Discussion: Pac-t-UB is a novel tool to estimate platelet function by different agonists in platelet concentrates and in unprocessed blood of thrombocytopenic patients. In the near future, we will validate whether pac-t-UB is an adequate test to monitor the quality of platelet concentrates and whether pac-t-UB predicts the bleeding risk of transfused thrombocytopenic patients.

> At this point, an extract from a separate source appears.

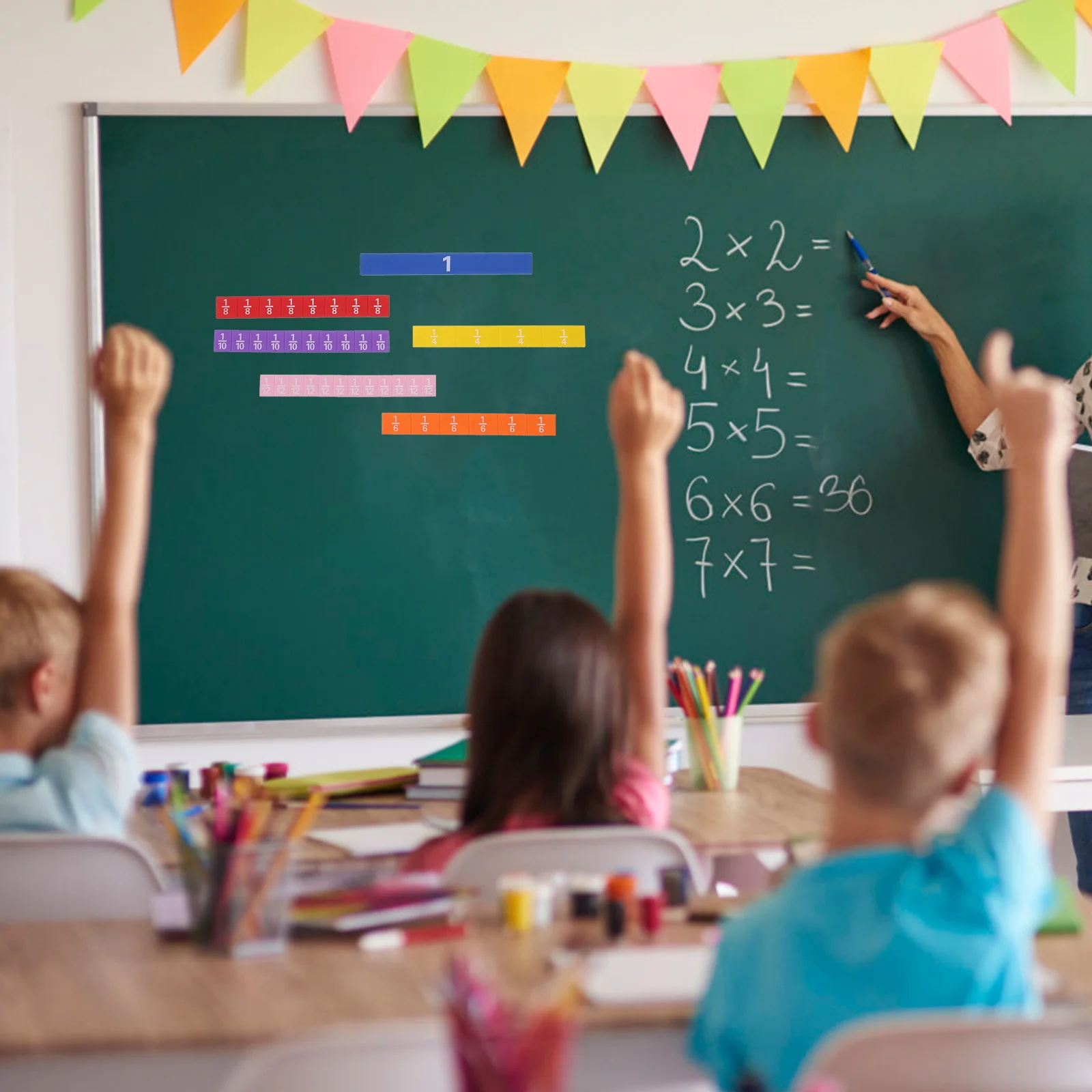 1 conjunto de peças de fração eva brinquedo educativo matemática manipulativa visualizar frações multiplicação contagem quebra-cabeça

Keywords: Flow cytometry; Platelet concentrates; Platelet function; Platelet storage; Platelet transfusion; Platelet, Platelet activation; Platelets; Thrombocytopenia.

Figures

Fig. 1

Flow cytometry technique to measure platelet activation in whole blood. a Platelets are separated from red blood cells and white blood cells by forward-side scatter characteristics. Platelet activation can be quantified by fluorescence intensity in the platelet gate of RPE-conjugated antibody binding to the platelet activation marker P-selectin or FITC-conjugated antibody against fibrinogen. b Resting platelets show no signal of platelet activation markers, while c activated platelets show high intensity of platelet activation markers. The concentration-dependent platelet reactivity experiments to different agonists (ADP (d, e), SFLLRN (f, g), XL-CRP (h, i) and U46619 (j, k)) show dose-dependent reaction curves both for P-selectin expression (d, f, h, j) and for fibrinogen binding (e, g, I, k). The experiments in figure 1 are done in six healthy donors.

Fig. 2

Determination of the concentration agonist (SFLLRN, ADP, XL-CRP, and U46619) to study time-dependent platelet activation of each agonist was done in 6 healthy donors. Serial dilutions of SFLLRN, CRP, ADP, and U46619 were used to measure platelet activation by P-selectin expression on the platelet surface. From the dose-response curves we titrated 4.5 µmol/l ADP, 6 µmol/l SFLLRN, 200 ng/ml CRP and 18 µmol/l U46619 as optimal concentrations for further experiments (a–d). e shows the reactivity of platelets of three healthy donors to a serial dilution of SFLLRN using a freshly prepared reaction mix that was stored in complete reaction mix for one week, while f shows the identical experimental setting using reaction mix that was stored in complete reaction mix for 1 week.

Fig. 3

Forward sideward scatter plot (a-c) of flow cytometry measurements of platelet activation by SFLLRN (PAR1 agonist) in platelet concentrates. Time response curves of platelet activation by 4.5 µmol/l ADP (d, e), 6 µmol/l SFLLRN (f, g), 200 ng/ml CRP (h, i), and 18 µmol/l U46619 (j, k) were used to measure platelet activation by RPE-conjugated anti-P-selectin antibody binding to the platelet surface (d, f, h, j), and FITC-conjugated anti-fibrinogen antibody binding to platelets (e, g, I, k).

Fig. 4

Platelet activation of platelet concentrates by 4.5 µmol/l ADP (a, b), 6 µmol/l SFLLRN (c, d), 200 ng/ml XL-CRP (e, f), and 18 µmol/l U46619 (g, h) after 20 min reaction time. Platelet function in platelet concentrates was measured at day 1, 2, 3, 6, 7 and 10.

Fig. 5

Forward sideward scatter plots (a–c) of flow cytometry measurements of platelet activation by SFLLRN (PAR1 agonist) in blood of a platelet concentrate transplanted patient with cell count of 20 × 109/l. Time response curves of platelet activation by 4.5 µmol/l ADP (d, e), 6 µmol/l SFLLRN (f, g), 200 ng/ml CRP (h, i) and 18 µmol/l U46619 (j, k) were used to measure platelet activation by RPE-conjugated anti-P-selectin antibody binding to the platelet surface (d, f, h, j), and FITC-conjugated anti-fibrinogen antibody binding to platelets (e, g, I, k).